• **YOUR ASSIGNMENT**
From the first line to the last, retype everything below exactly, minus the pictures.

__________

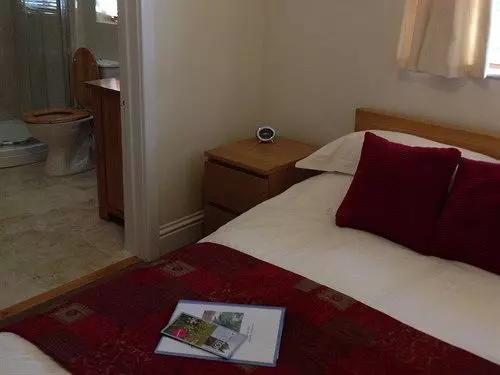 Bed and Breakfast Blue Ball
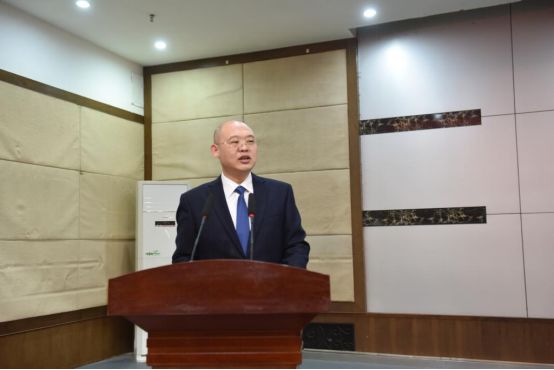 仪式由长垣市副市长刘文君主持.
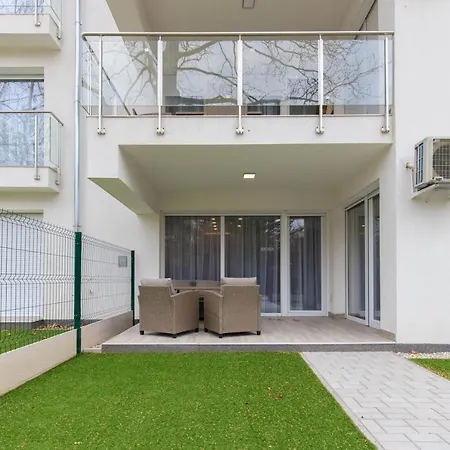 Sunshine Black Apartman * Zamardi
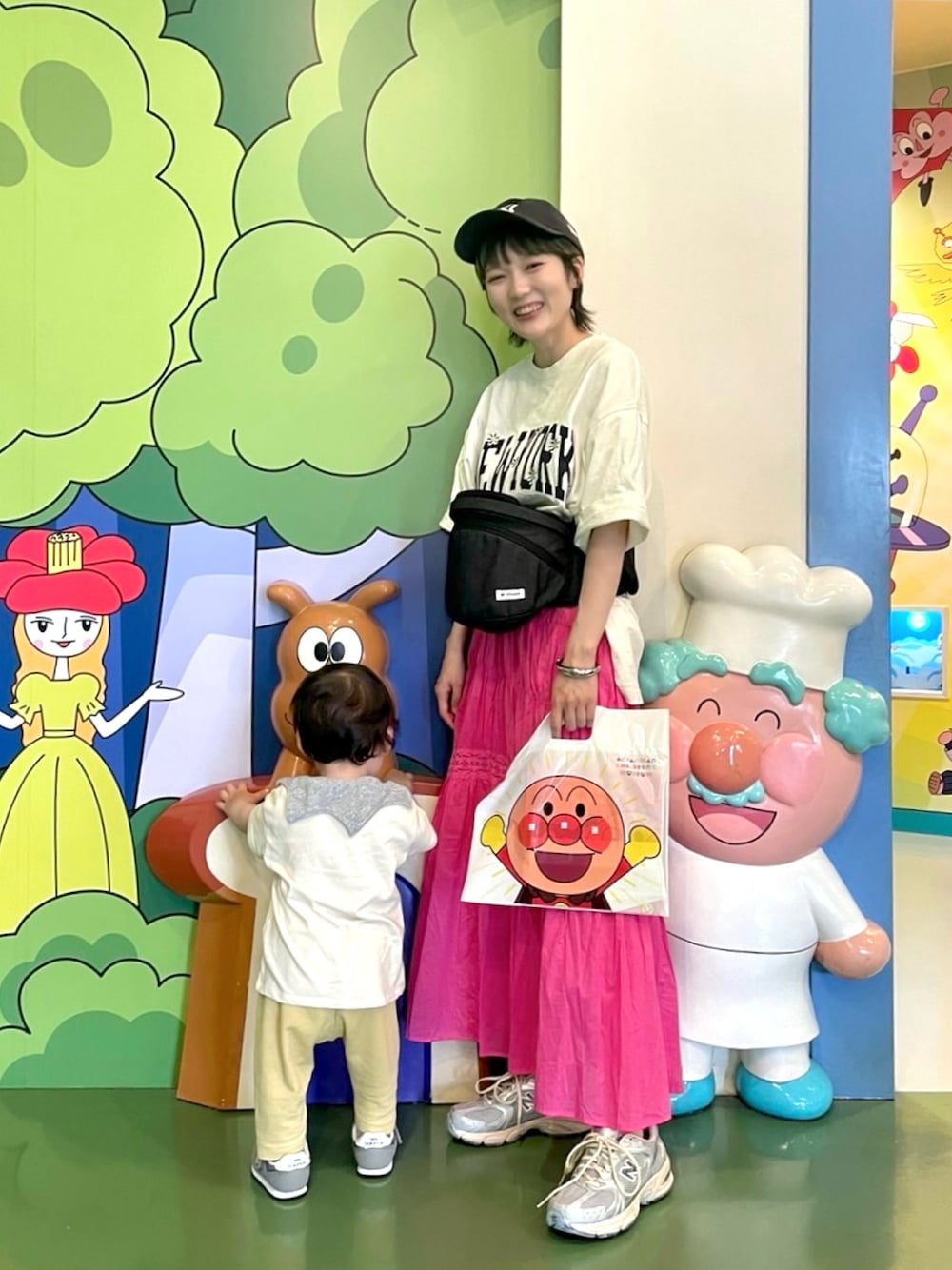 「春服コーデ、夏コーデ、春夏コーデ、白Tシャツ、スカート、カラーコーデ、ピンク、キャップ、スニーカー、スニーカーコーデ、ロングスカート、ユニクロ、ママコーデ、ママファッション」｜「w closetのシャーリングレース切替スカート（スカート、ピンク系）」を使った、マチルダ さん（レディース・156cm）の春コーディネートの1枚目の写真
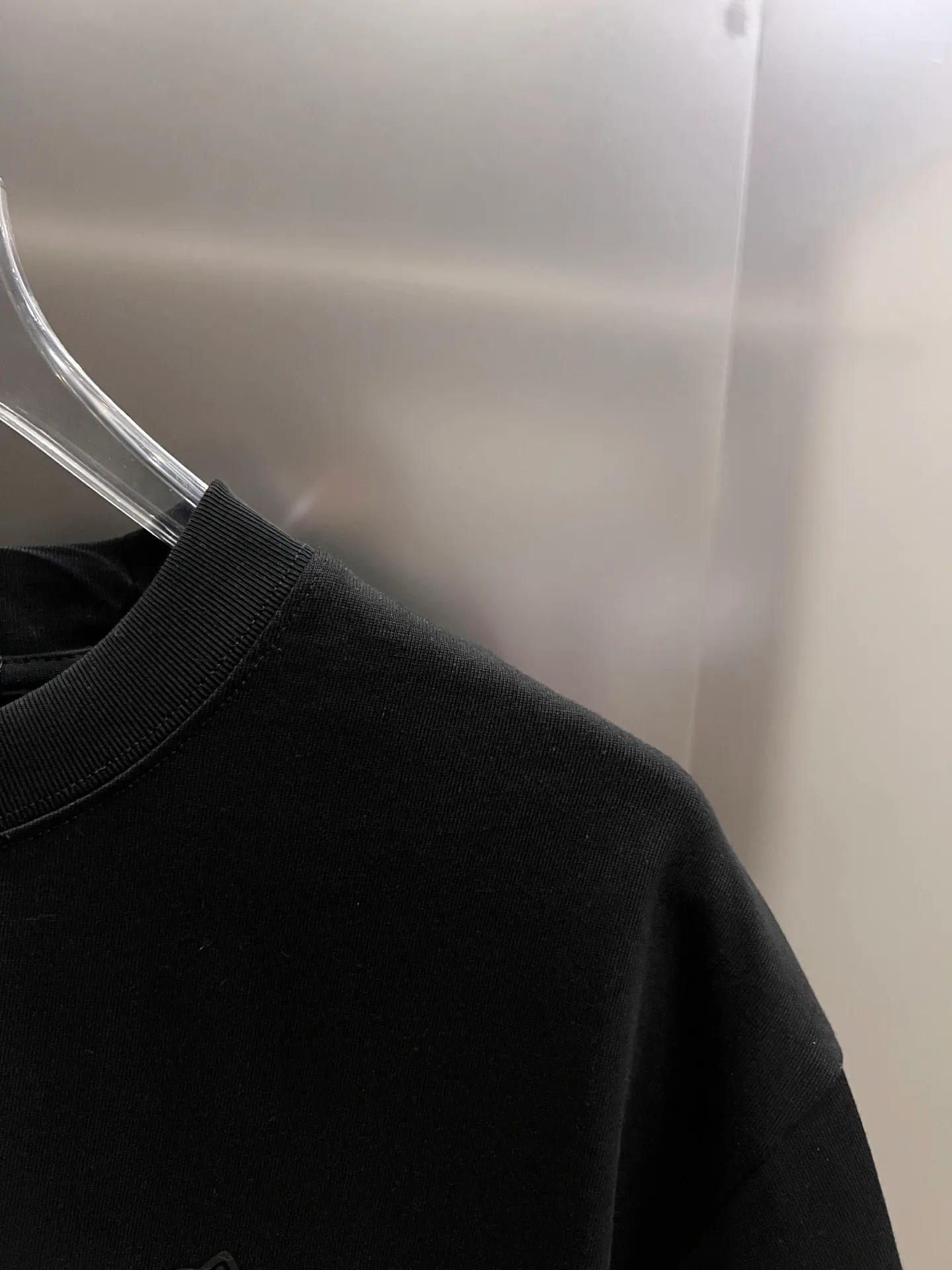 🅿️190 CH Crow 2025 Autumn and Winter New Short-sleeved T-shirt Cross leather craft Customized hardware metal + Middle Eastern Australian diamond design craft The real thing is great🔥Same style for men and women, loose version Size S M L XL XXL Five sizes Black White Angora Red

__________

• **YOUR SOLUTION**
 Bed and Breakfast Blue Ball
 仪式由长垣市副市长刘文君主持.
 Sunshine Black Apartman * Zamardi
 「春服コーデ、夏コーデ、春夏コーデ、白Tシャツ、スカート、カラーコーデ、ピンク、キャップ、スニーカー、スニーカーコーデ、ロングスカート、ユニクロ、ママコーデ、ママファッション」｜「w closetのシャーリングレース切替スカート（スカート、ピンク系）」を使った、マチルダ さん（レディース・156cm）の春コーディネートの1枚目の写真
 🅿️190 CH Crow 2025 Autumn and Winter New Short-sleeved T-shirt Cross leather craft Customized hardware metal + Middle Eastern Australian diamond design craft The real thing is great🔥Same style for men and women, loose version Size S M L XL XXL Five sizes Black White Angora Red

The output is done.